Ed joined the Bushwackers in 1984. He marched and taught the bass drum lines in 1984, 1986-89 and 1991-93. In 1990, 1994 and 1997 he just taught the bass lines. In those combined 11 years, Ed was a pivotal part of 6 consecutive high percussion trophies and 5 DCA World Championships.
In those years the Bushwacker bass line was consider the best and most innovative in DCA. Everything from building and fielding various forms of “extras” such as octabons (1989), rack drums (1992) and, of course, the triple stack bass drums (1992-93).

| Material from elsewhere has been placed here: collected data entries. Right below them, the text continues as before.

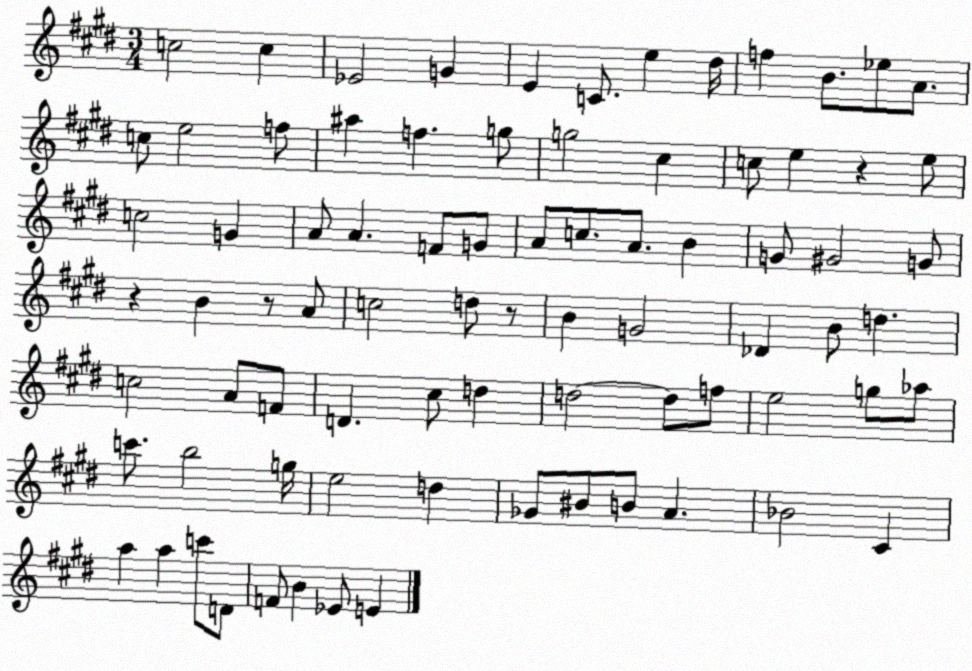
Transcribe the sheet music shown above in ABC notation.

X:1
T:Untitled
M:3/4
L:1/4
K:E
c2 c _E2 G E C/2 e ^d/4 f B/2 _e/2 A/2 c/2 e2 f/2 ^a f g/2 g2 ^c c/2 e z e/2 c2 G A/2 A F/2 G/2 A/2 c/2 A/2 B G/2 ^G2 G/2 z B z/2 A/2 c2 d/2 z/2 B G2 _D B/2 d c2 A/2 F/2 D ^c/2 d d2 d/2 f/2 e2 g/2 _a/2 c'/2 b2 g/4 e2 d _G/2 ^B/2 B/2 A _B2 ^C a a c'/2 D/2 F/2 B _E/2 E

In Ed’s opinion, without certain key personnel, the achievements of the bass lines would not have been realized. And, while there were rotating personnel in the bass line over those years, Ed credits people who believed and trusted in him implicitly such as Rich Ramos, Scott Yuppa, Rick Krieger and Butch Laramie, were key. “I must say though that Richie and Scott were special in their dedication and contribution. Not to sell anyone short, but these guys had a special place in my heart.”
Ed views bass drummers as special individuals, even within the percussion section itself. Whereas, percussion music for the snare line is in unison, and the same is true for the tom line, percussion music for the bass line is one piece of music split 5 ways, but together is one piece of music.
As influences, Ed cites Ty Tyler of the Bridgemen bass line (1979-80) and Bob Dubinski, Bridgemen percussion instructor, as the two most influential personalities that made him into the player and instructor he was to become.
Ed joins his older brother John (Moon), Class of 2010, as the only brothers in the Bushwacker Hall of Fame. While they only marched one year together in the corps (1984), they are now together again in our Hall of Fame.